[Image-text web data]
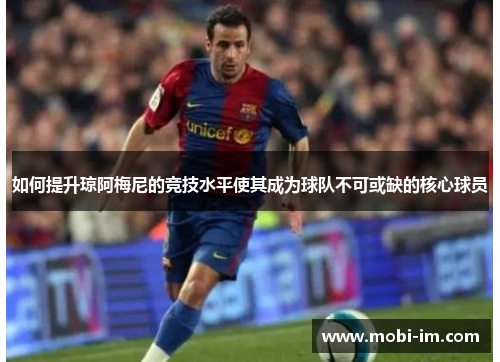 如何提升琼阿梅尼的竞技水平使其成为球队不可或缺的核心球员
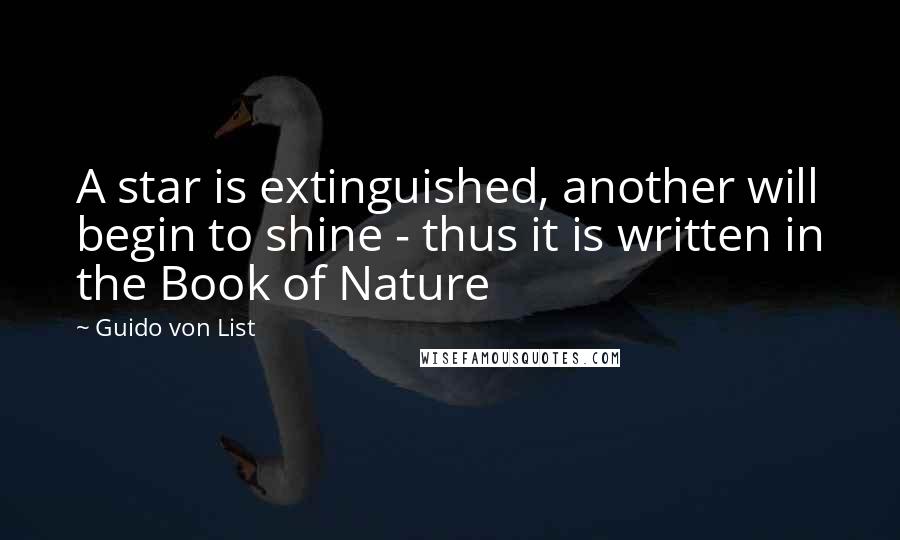 Guido Von List Quotes: A star is extinguished, another will begin to shine - thus it is written in the Book of Nature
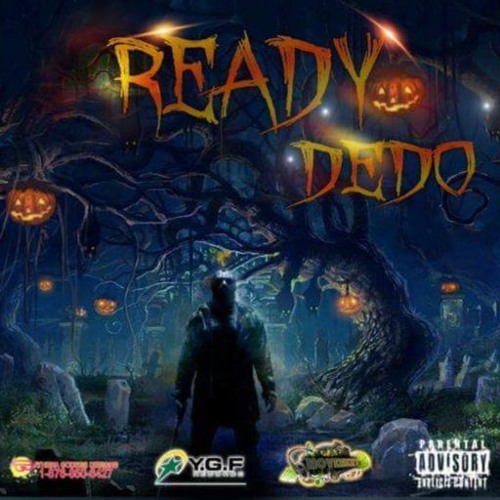 Dedo - Ready - October 2015  [@YH_Platinum][@YardHype]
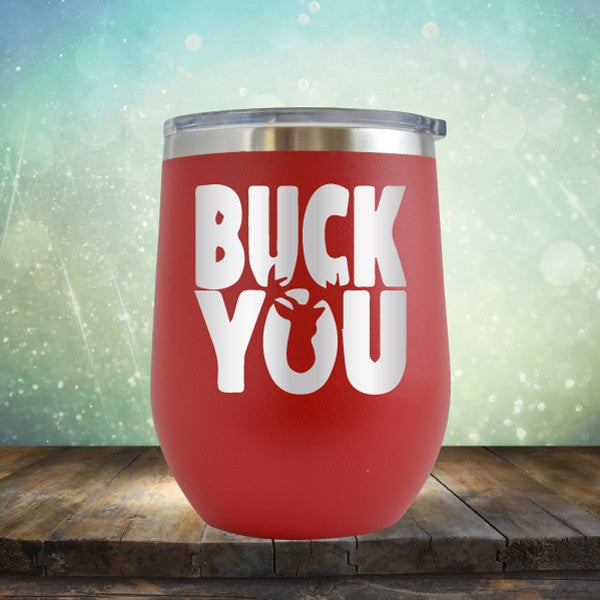 Buck You - Wine Tumbler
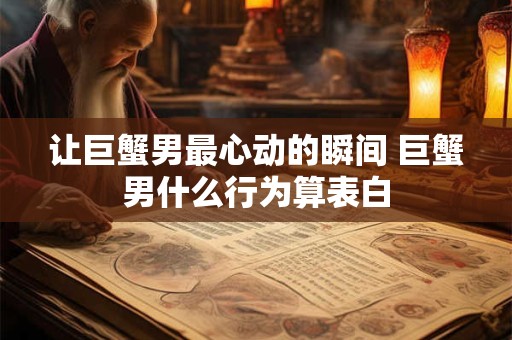 让巨蟹男最心动的瞬间 巨蟹男什么行为算表白
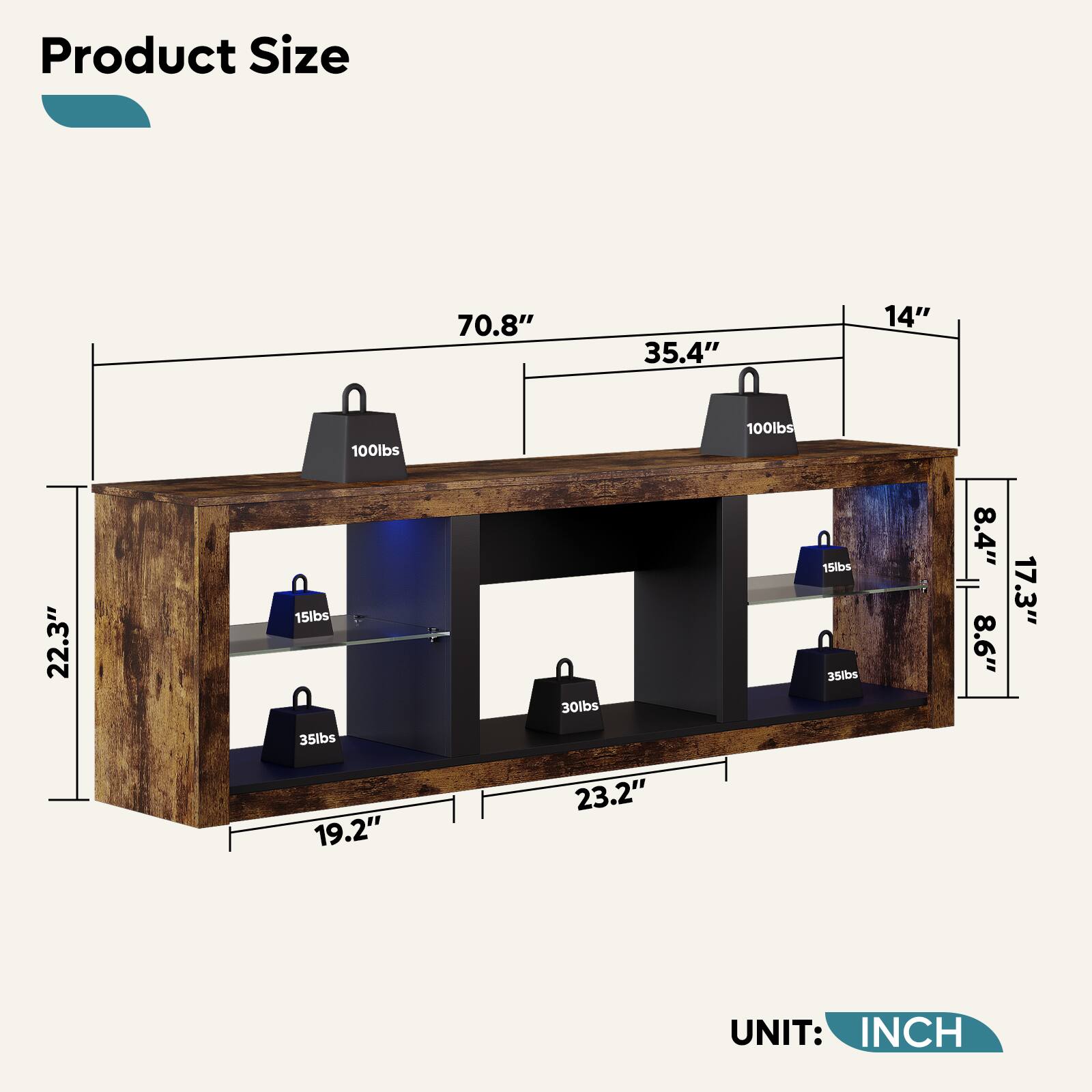 Product Size  
70.8" x 35.4" x 14"  
100lbs x 100lbs x 22.3"  
15lbs x 35lbs x 30lbs x 0 x 15lbs x 0 x 35lbs  
8.4" x 8.6" x 17.3" x 19.2" x 23.2"  
UNIT: INCH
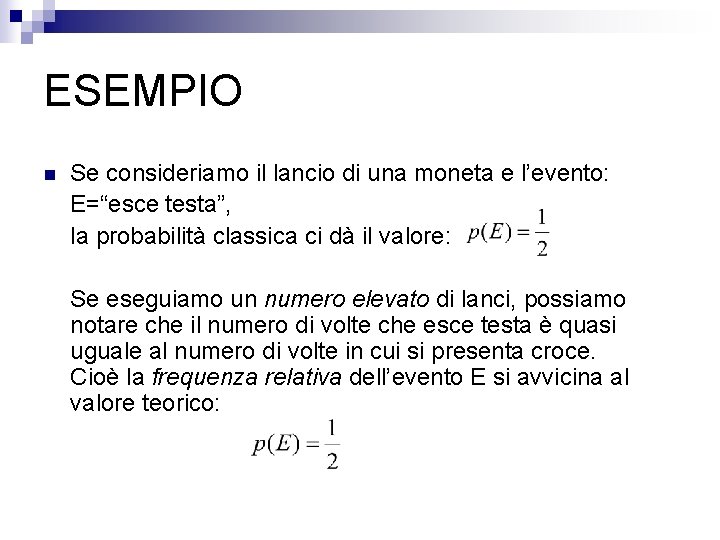 ESEMPIO n Se consideriamo il lancio di una moneta e l’evento: E=“esce testa”, la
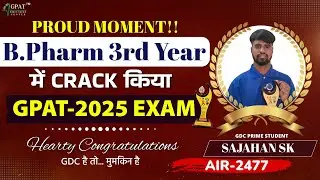 SAJAHAN SK | GPAT-2025 QUALIFIED IN 3RD YEAR | AIR-2477 | Success Story #gpattopper #gpatstrategy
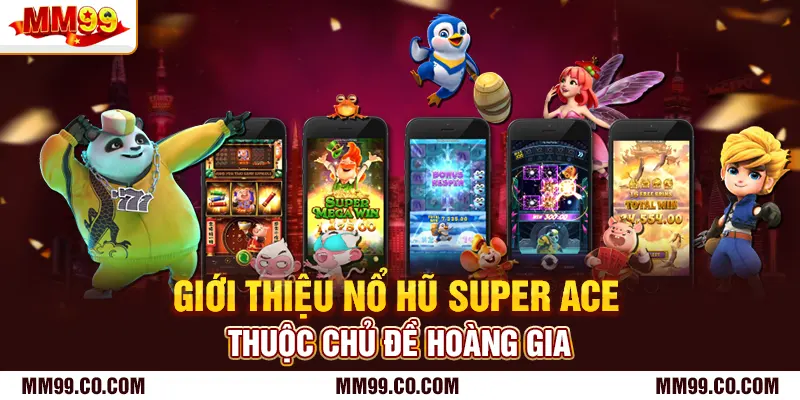 Giới thiệu nổ hũ Super Ace thuộc chủ đề hoàng gia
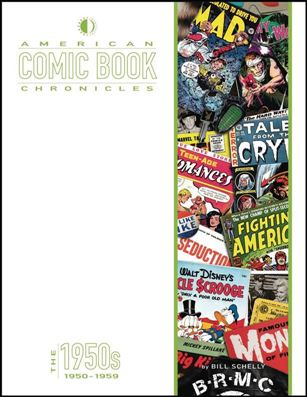 American Comic Book Chronicles issue 1-B The 1950s: 1950-1959 (New Edition)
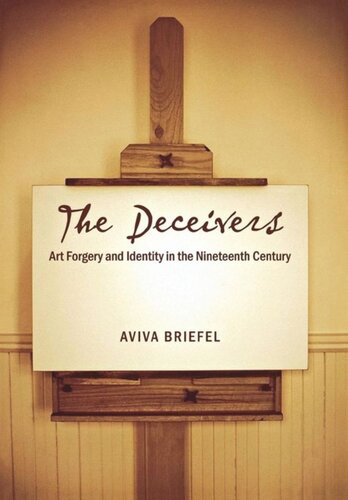 The Deceivers Art Forgery And Identity In The Nineteenth Century Aviva Briefel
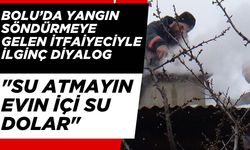 Bolu'da yangın söndürmeye gelen itfaiyeciyle ilginç diyalog: "Su atmayın evin içi su dolar"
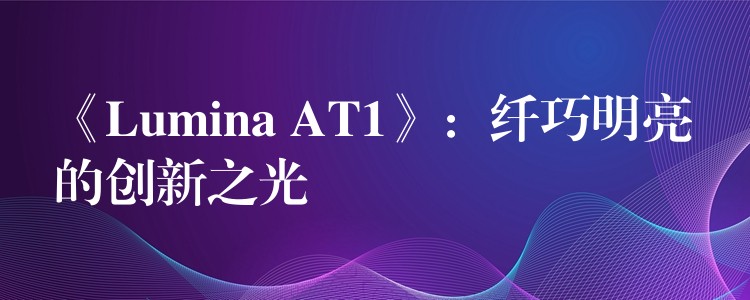 《Lumina AT1》：纤巧明亮的创新之光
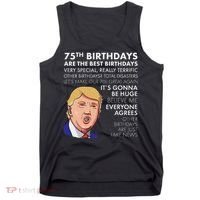 75Th Birthday Gift Funny Trump Tank Top thumb 0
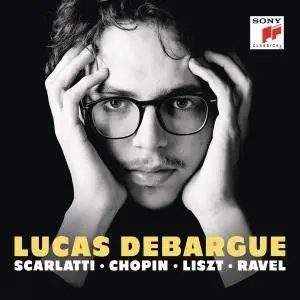 Lucas Debargue - Scarlatti, Chopin, Liszt, Ravel (2016) [Official Digital Download 24/96]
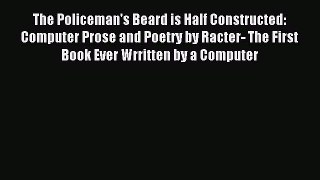 Read The Policeman's Beard is Half Constructed: Computer Prose and Poetry by Racter- The First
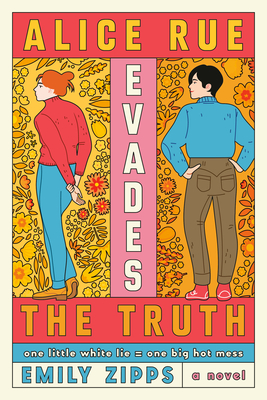 Alice Rue Evades the Truth - Zipps, Emily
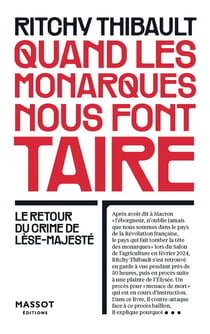 Quand Les monarques nous font taire : Le retour du crime de lèse-majesté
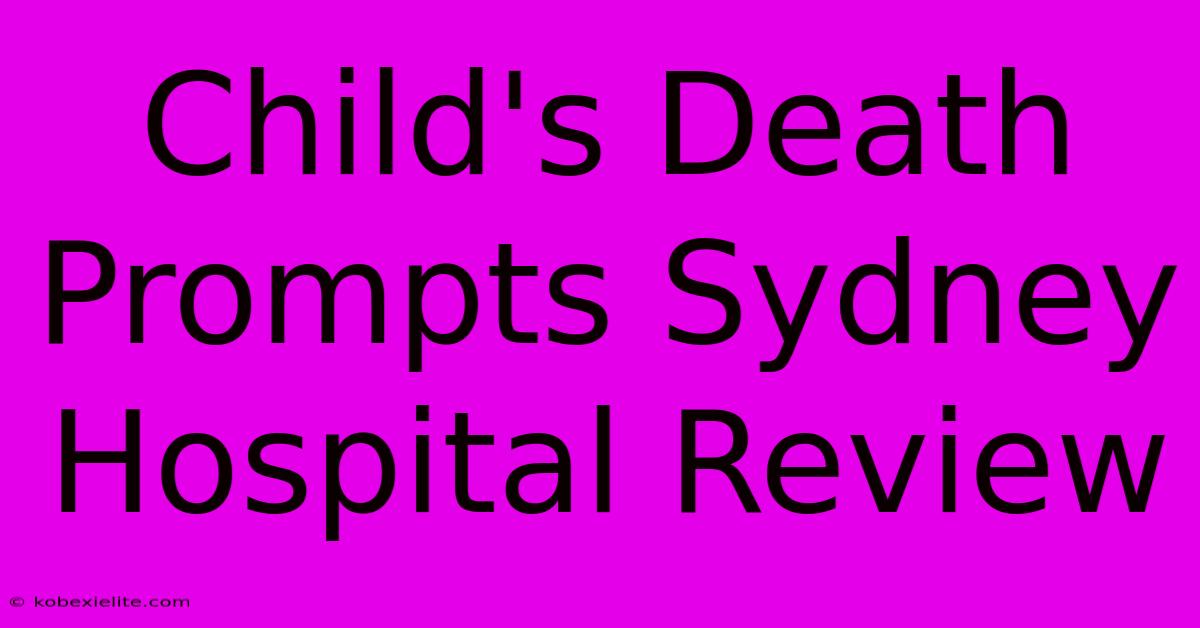 Child's Death Prompts Sydney Hospital Review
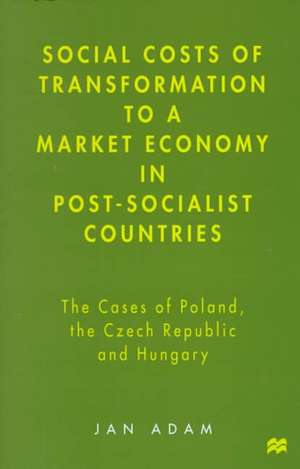 Social Costs of Transformation to a Market Economy in Post-Socialist Countries: The Case of Poland, the Czech Republic and Hungary de J. Adam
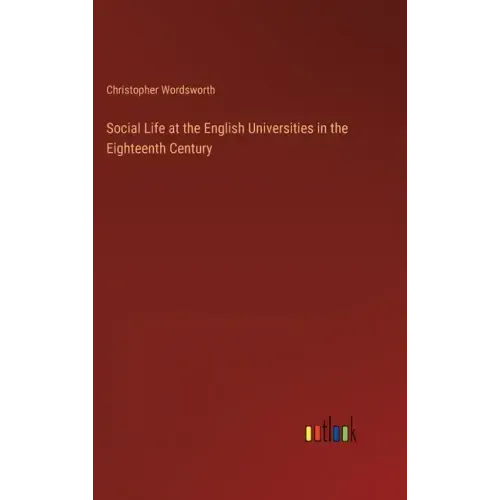 Social Life at the English Universities in the Eighteenth Century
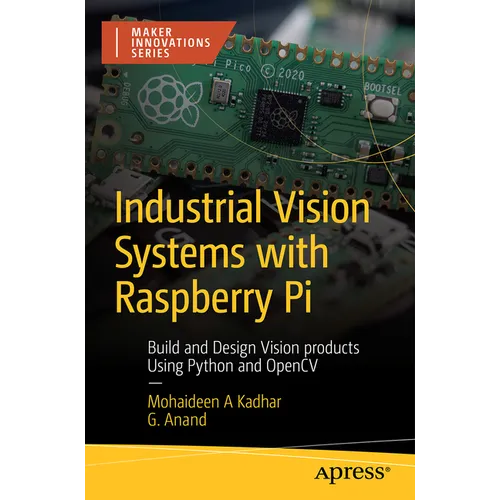 Industrial Vision Systems with Raspberry Pi: Build and Design Vision Products Using Python and Opencv - Paperback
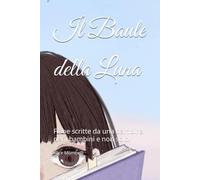 Il Baule della Luna: Fiabe scritte da una bambina per i bambini e non solo!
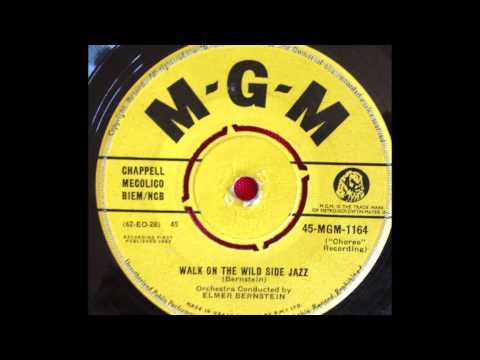 ELMER BERNSTEIN...WALK ON THE WILD SIDE JAZZ...M.G.M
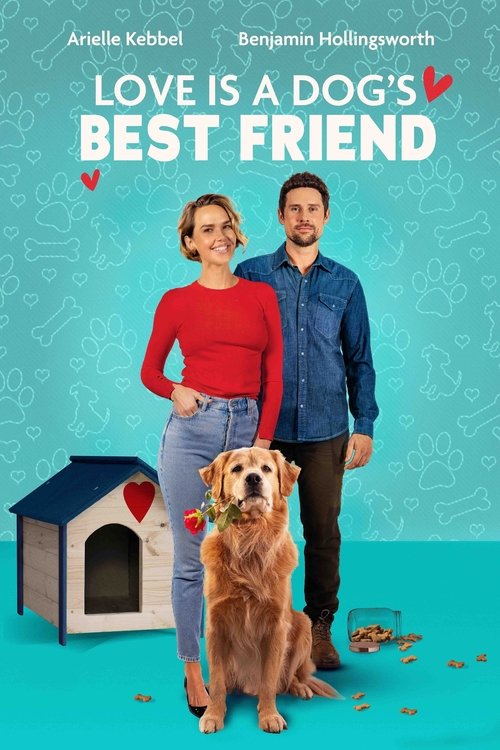 Постер фильма «Love Is a Dog's Best Friend»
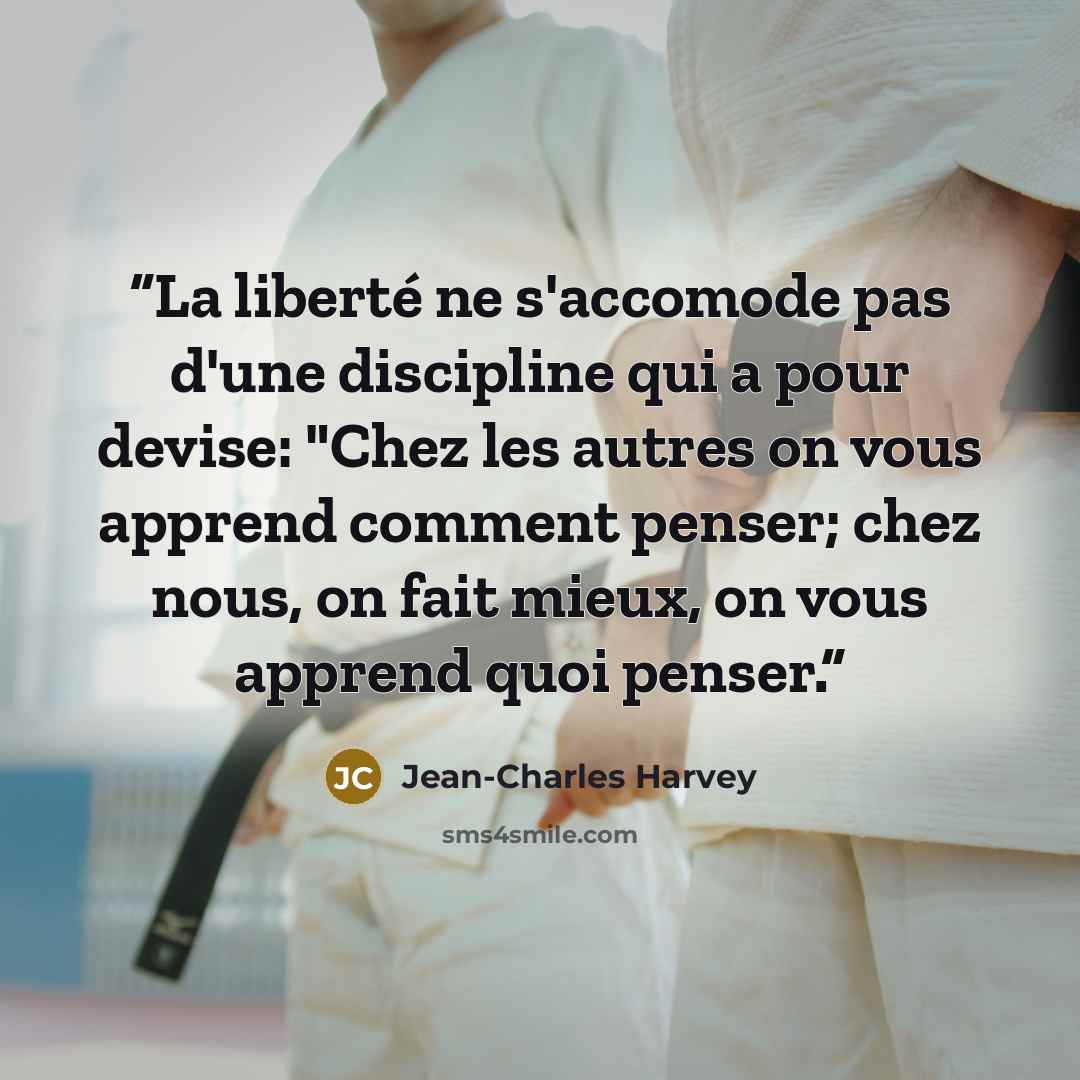 “La liberté ne s'accomode pas d'une discipline qui a pour devise: "Chez les autres on vous apprend comment penser; chez nous, on fait mieux, on vous apprend quoi penser.” quote by Jean-Charles Harvey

• [EXERCISE INSTRUCTIONS]
Beginning with the line where "Industrial Vision Systems" appears, transcribe the records above word for word through their last line, and include no pictures.

• [WRITTEN ANSWER]
 Industrial Vision Systems with Raspberry Pi: Build and Design Vision Products Using Python and Opencv - Paperback
 Il Baule della Luna: Fiabe scritte da una bambina per i bambini e non solo!
 ELMER BERNSTEIN...WALK ON THE WILD SIDE JAZZ...M.G.M
 Постер фильма «Love Is a Dog's Best Friend»
 “La liberté ne s'accomode pas d'une discipline qui a pour devise: "Chez les autres on vous apprend comment penser; chez nous, on fait mieux, on vous apprend quoi penser.” quote by Jean-Charles Harvey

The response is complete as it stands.